Сообщество людей церковных в основном делится на две численно, а иногда и качественно, различных категории. Одни – те, кто оставляют все в этом мире: семьи, дома, благолепие, достаток и следуют за Христом Спасителем, другие – те, кто на протяжении столетий церковной жизни в своих домах принимают идущих узким и жестким путем самоотвержения, начиная с самого Христа и Его учеников. Эти дома согреты теплом души, теплом молитвы, которая в них совершается, эти дома благообразны и исполнены чистоты, в них отсутствуют вычурность и роскошь, но они напоминают о том, что если семья есть малая Церковь, то и обиталище семьи – дом – тоже должен быть в некотором смысле, пусть и очень отдаленным, но отражением Церкви земной так же, как она является отражением Церкви Небесной. В доме тоже должны быть и красота, и соразмерность. Эстетическое чувство естественно, оно от Бога, и должно находить свое выражение. И когда в жизни христианской семьи это есть, то это можно только приветствовать. Другое дело, что не все и не всегда ощущают это необходимым, что тоже нужно понимать. Знаю семьи церковных людей, которые живут, не очень задумываясь о том, какие у них столы и стулья, и даже вполне ли убрано, чист ли пол. И уже несколько лет как появившиеся протечки на потолке не лишают их кров теплоты и не делают его менее притягательным для близких и друзей, которые тянутся к этому очагу. Так что, стремясь к разумному благообразию внешнего, все же будем помнить, что для христианина главное – внутреннее, и где будет теплота души, там и осыпающаяся побелка ничего не испортит. А где ее не будет, то хоть фрески Дионисия повесь на стенку, от этого дом уютнее и теплее не станет.
24. Что стоит за таким сугубым русофильством на бытовом уровне, когда муж ходит дома в холщовой косоворотке и чуть ли не в лаптях, жена в сарафане и платке и на столе – не иначе как квас и кислая капуста?
Иногда – это игра на публику. Но если кому-то приятно ходить дома в старорусском сарафане, а кому-то кирзовые сапоги или даже лапти носить удобнее, чем синтетические тапочки, и делается это не показухи ради, то чего ж тут скажешь.
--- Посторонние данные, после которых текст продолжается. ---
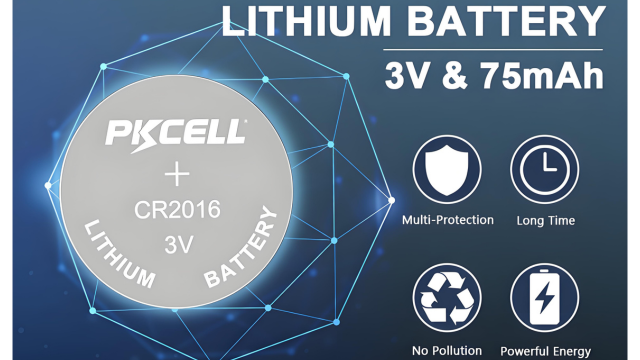 CR2016 button cell battery illustration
Всегда лучше использовать то, что проверено веками и тем более освящено бытовой традицией, чем впадать в какие-то революционные крайности. Однако это становится по-настоящему дурным, если в этом есть стремление обозначить некоторое идеологическое направление своей жизни. И как вообще всякое привнесение идеологического в сферу духовно-религиозного это оборачивается фальшью, неискренностью и в итоге – духовным поражением.
Хотя лично мне сакрализации быта в такой степени ни в одной православной семье видеть не приходилось. Поэтому чисто умозрительно я могу подобное представить, но трудно судить о том, с чем незнаком.
25. Можно ли и в достаточно взрослом возрасте ребенка руководить, к примеру, выбором книг для его чтения, чтобы в дальнейшем у него не возникало никаких идеологических перекосов?
Для того, чтобы иметь возможность руководить чтением детей и в их достаточно позднем возрасте, нужно, во-первых, начинать это чтение с ними очень рано, во-вторых, родители должны сами для себя читать, что дети, безусловно, оценивают, в-третьих, с каких-то лет, не должно быть запрета читать то, что сам читаешь, и тем самым не должно быть разницы между книгами для детей и книгами для взрослых, так же, как не должно быть, к сожалению, весьма распространенного несоответствия между чтением детьми классической литературы, побуждаемыми к тому родителями, и проглатыванием ими самими детективов и всякой дешевой макулатуры: мол, у нас работа требует больших интеллектуальных затрат, поэтому дома можно позволить себе расслабиться. Но только цельные усилия дают весомый результат.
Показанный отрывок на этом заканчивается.